• _About this task_
Your answer should be the entries, repeated exactly.

----- Data -----

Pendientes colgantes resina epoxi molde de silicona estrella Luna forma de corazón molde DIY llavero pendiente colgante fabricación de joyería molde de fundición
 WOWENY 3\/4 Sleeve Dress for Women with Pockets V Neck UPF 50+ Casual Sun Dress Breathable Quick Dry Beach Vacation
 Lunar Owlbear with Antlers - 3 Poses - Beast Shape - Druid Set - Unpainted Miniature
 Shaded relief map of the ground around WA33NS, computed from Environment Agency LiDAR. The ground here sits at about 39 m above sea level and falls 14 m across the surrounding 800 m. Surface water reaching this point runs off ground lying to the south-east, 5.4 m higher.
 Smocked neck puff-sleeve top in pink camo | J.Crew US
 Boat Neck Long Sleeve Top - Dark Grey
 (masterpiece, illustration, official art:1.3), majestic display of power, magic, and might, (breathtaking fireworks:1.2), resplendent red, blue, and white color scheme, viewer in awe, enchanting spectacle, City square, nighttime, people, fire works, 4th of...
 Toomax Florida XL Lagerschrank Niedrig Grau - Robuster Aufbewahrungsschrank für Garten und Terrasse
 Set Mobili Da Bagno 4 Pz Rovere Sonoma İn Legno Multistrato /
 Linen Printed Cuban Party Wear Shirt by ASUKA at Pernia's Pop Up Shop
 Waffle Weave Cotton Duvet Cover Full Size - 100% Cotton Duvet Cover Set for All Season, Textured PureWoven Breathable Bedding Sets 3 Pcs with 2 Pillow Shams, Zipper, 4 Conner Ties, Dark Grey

-----

• _Output below_
Pendientes colgantes resina epoxi molde de silicona estrella Luna forma de corazón molde DIY llavero pendiente colgante fabricación de joyería molde de fundición
 WOWENY 3\/4 Sleeve Dress for Women with Pockets V Neck UPF 50+ Casual Sun Dress Breathable Quick Dry Beach Vacation
 Lunar Owlbear with Antlers - 3 Poses - Beast Shape - Druid Set - Unpainted Miniature
 Shaded relief map of the ground around WA33NS, computed from Environment Agency LiDAR. The ground here sits at about 39 m above sea level and falls 14 m across the surrounding 800 m. Surface water reaching this point runs off ground lying to the south-east, 5.4 m higher.
 Smocked neck puff-sleeve top in pink camo | J.Crew US
 Boat Neck Long Sleeve Top - Dark Grey
 (masterpiece, illustration, official art:1.3), majestic display of power, magic, and might, (breathtaking fireworks:1.2), resplendent red, blue, and white color scheme, viewer in awe, enchanting spectacle, City square, nighttime, people, fire works, 4th of...
 Toomax Florida XL Lagerschrank Niedrig Grau - Robuster Aufbewahrungsschrank für Garten und Terrasse
 Set Mobili Da Bagno 4 Pz Rovere Sonoma İn Legno Multistrato /
 Linen Printed Cuban Party Wear Shirt by ASUKA at Pernia's Pop Up Shop
 Waffle Weave Cotton Duvet Cover Full Size - 100% Cotton Duvet Cover Set for All Season, Textured PureWoven Breathable Bedding Sets 3 Pcs with 2 Pillow Shams, Zipper, 4 Conner Ties, Dark Grey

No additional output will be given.